Exercise requirements. Exact reproduction of all the entries is required, without any of their pictures.

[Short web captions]
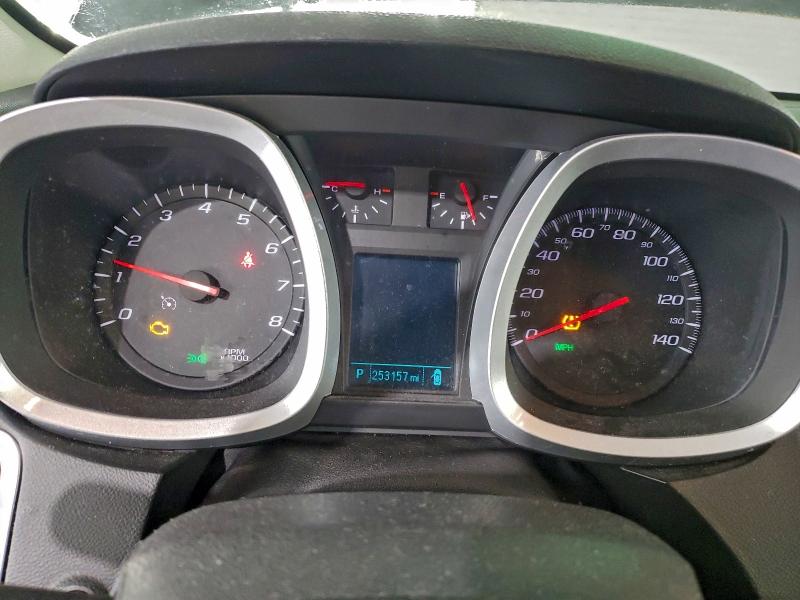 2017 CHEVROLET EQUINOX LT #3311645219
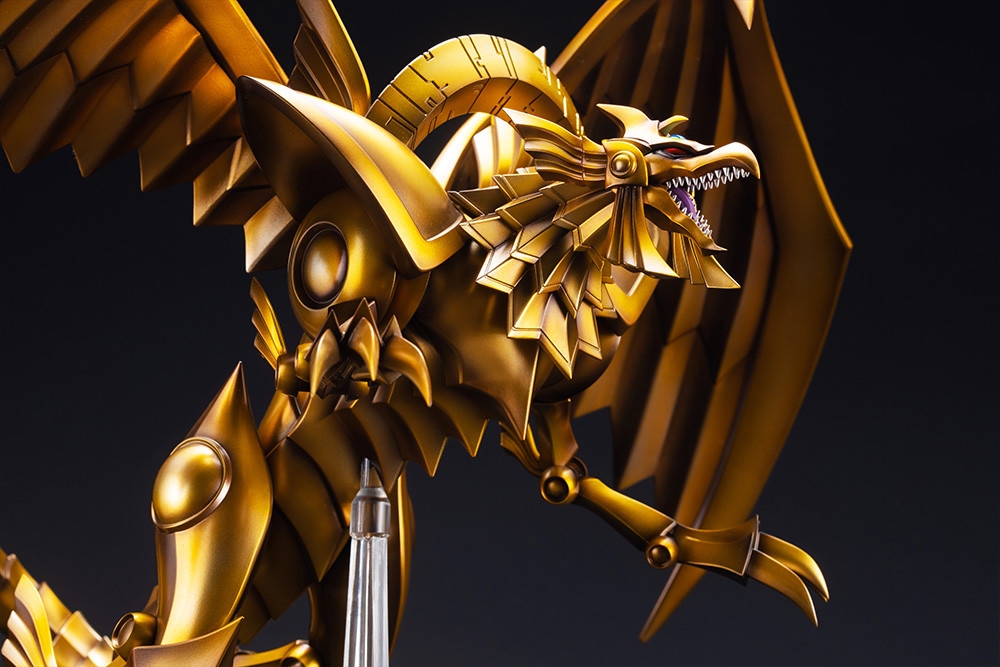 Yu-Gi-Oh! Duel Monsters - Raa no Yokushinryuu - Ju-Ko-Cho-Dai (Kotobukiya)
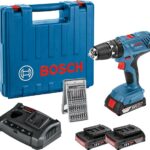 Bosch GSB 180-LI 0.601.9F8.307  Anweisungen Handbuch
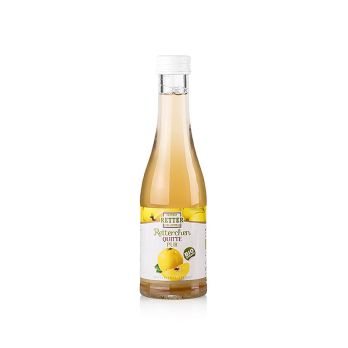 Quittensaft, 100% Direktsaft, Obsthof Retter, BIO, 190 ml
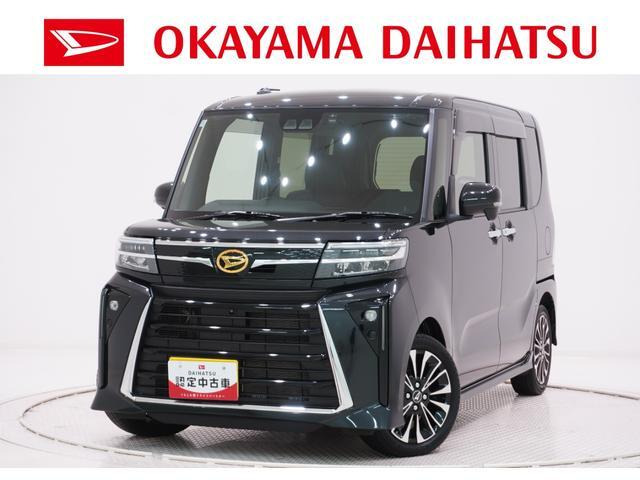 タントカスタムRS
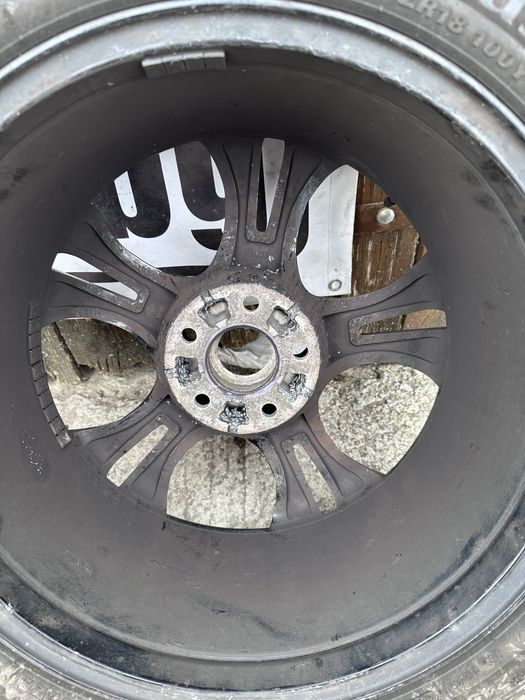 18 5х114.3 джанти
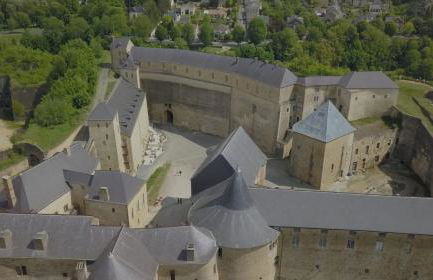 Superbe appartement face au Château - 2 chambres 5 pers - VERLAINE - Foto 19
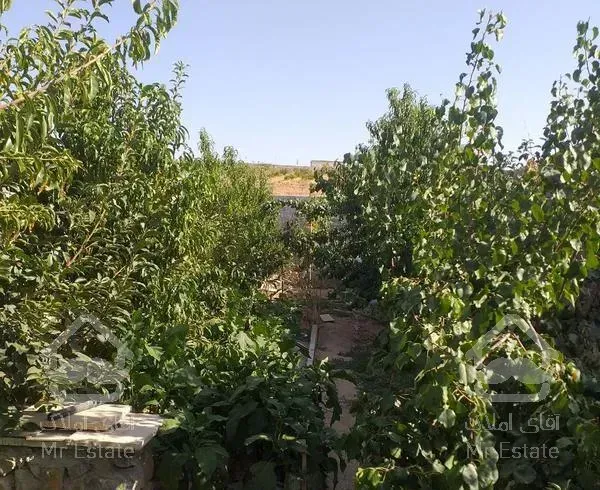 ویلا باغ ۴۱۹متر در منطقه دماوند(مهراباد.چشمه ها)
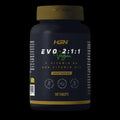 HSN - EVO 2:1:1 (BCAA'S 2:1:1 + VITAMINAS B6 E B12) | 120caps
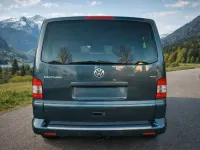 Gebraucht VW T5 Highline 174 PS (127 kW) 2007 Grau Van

Exercise output.
 2017 CHEVROLET EQUINOX LT #3311645219
 Yu-Gi-Oh! Duel Monsters - Raa no Yokushinryuu - Ju-Ko-Cho-Dai (Kotobukiya)
 Bosch GSB 180-LI 0.601.9F8.307  Anweisungen Handbuch
 Quittensaft, 100% Direktsaft, Obsthof Retter, BIO, 190 ml
 タントカスタムRS
 18 5х114.3 джанти
 Superbe appartement face au Château - 2 chambres 5 pers - VERLAINE - Foto 19
 ویلا باغ ۴۱۹متر در منطقه دماوند(مهراباد.چشمه ها)
 HSN - EVO 2:1:1 (BCAA'S 2:1:1 + VITAMINAS B6 E B12) | 120caps
 Gebraucht VW T5 Highline 174 PS (127 kW) 2007 Grau Van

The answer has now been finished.